The Wargaming Activity Hub at NPS has excelled at honing this analytic wargaming capability in U.S. military officers from all services. It’s part of NPS’ OR department, yet draws on expertise from the Defense Analysis department, the Modeling, Virtual Environments and Simulation (MOVES) Institute, and from many other entities across campus.
Stood up in 2014 to meet a surge of interest in wargaming across the military and synergize the myriad wargaming activities at NPS, the Wargaming Activity Hub serves as a nexus for the DOD, its allies and partners to access NPS’ unique student body and faculty.
Over the last five years, for example, NPS students have conducted more than 50 wargames for dozens of sponsors from the U.S. Navy, Marine Corps, Special Operations Command, the Australian Defence Force, the Norwegian Armed Forces, the Royal Canadian Navy, and many others.
“Our mission is to leverage wargaming to conduct high quality education, analysis and research; to prepare future leaders; and to help shape and form key decisions on the future of the DoD,” Appleget said.
This triad – analysis, education and experience – is the guiding light of the Wargaming Activity Hub.
Wargaming enables NPS graduate students to conduct operationally-relevant analysis, enhancing their understanding of complex strategic concepts and gaining practical experience which lays the groundwork for their future careers.
The 11-week Wargaming Applications Course, offered twice per year, teaches the fundamentals of analytic wargaming.
The first two weeks blend lecture and practical exercises, and by the third week students are introduced to their sponsor to begin the design process of a wargame. After the sixth week, students focus solely on designing and developing their wargame.
“The idea is that up until their fifth quarter, students have learned a lot of high-level techniques like linear programming and high-level statistics, but when they graduate they’re going to have to apply these tools in a military context,” Appleget explained. “The wargaming sponsors pose a very fuzzy problem that is not clearly defined, and simply refining that problem is something you typically don’t practice when you’re learning a specific tool like linear programming.”
Creating the wargame provides invaluable experience in applying these acquired tools. Playing the game out during NPS’ Wargaming Week serves as the student teams’ final exam.
Starting in Fall 2016, NPS has also offered its Advanced Wargaming Applications Course, which allows student teams to take a deeper dive into a topic than the initial course.
In addition to teaching analytic wargaming, the Wargaming Activity Hub engages in a plethora of additional activities, including NPS’ annual Warfare Innovation Workshop; the Global Education Community Collaboration Online (ECCO), a web-based platform which connects counter-terrorism experts and practitioners through educational strategy games; the Massive Multiplayer Online Wargame Leveraging the Internet (MMOWGLI), an online wargame which engages military and non-military players to develop strategies for complex geopolitical problems; as well as red teaming/red celling activities for various government agencies.
Wargaming Activity Hub mobile training teams also provide a five-day basic analytic wargaming course to defense partners at their home station. Since 2011, NPS faculty members have travelled to the Canadian Forces Aerospace Warfare Centre, U.S. Strategic and Central Commands, Kazakhstan, Indonesia, and many other locations to help organizations establish an organic wargaming capability or expand an existing one.

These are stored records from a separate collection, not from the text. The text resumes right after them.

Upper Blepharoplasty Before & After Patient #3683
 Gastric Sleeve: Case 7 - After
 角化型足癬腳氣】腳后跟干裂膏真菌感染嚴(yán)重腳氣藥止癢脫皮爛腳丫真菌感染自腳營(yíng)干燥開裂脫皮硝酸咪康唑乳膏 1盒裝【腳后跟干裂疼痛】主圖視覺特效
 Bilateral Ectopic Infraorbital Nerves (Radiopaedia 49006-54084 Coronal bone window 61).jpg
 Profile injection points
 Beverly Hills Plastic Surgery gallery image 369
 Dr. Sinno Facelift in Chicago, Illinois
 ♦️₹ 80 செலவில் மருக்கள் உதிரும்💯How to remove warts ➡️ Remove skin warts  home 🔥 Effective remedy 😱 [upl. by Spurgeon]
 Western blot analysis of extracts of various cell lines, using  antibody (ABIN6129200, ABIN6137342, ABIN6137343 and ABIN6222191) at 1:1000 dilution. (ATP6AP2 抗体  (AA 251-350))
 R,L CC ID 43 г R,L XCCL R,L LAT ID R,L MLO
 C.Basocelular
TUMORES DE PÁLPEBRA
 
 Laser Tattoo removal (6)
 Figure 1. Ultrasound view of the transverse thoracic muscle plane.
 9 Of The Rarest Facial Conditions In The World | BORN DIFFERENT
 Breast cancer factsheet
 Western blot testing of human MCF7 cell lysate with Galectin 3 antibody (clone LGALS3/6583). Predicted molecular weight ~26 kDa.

Over the Summer of 2018, they will head to Camp Smith, U.S. European Command, NATO’s Allied Command Transformation and Sweden’s Defense Research Agency to deliver a compressed version of the 11-week course.
In the end, officials with the Wargaming Activity Hub say, the effort is about providing the American military, and its partners and allies, with a steady stream of officers capable of conducting analytic wargaming. As this cadre advances in their careers, this population will prove a strategic asset as the demand for analytic wargaming grows in an increasingly complex world.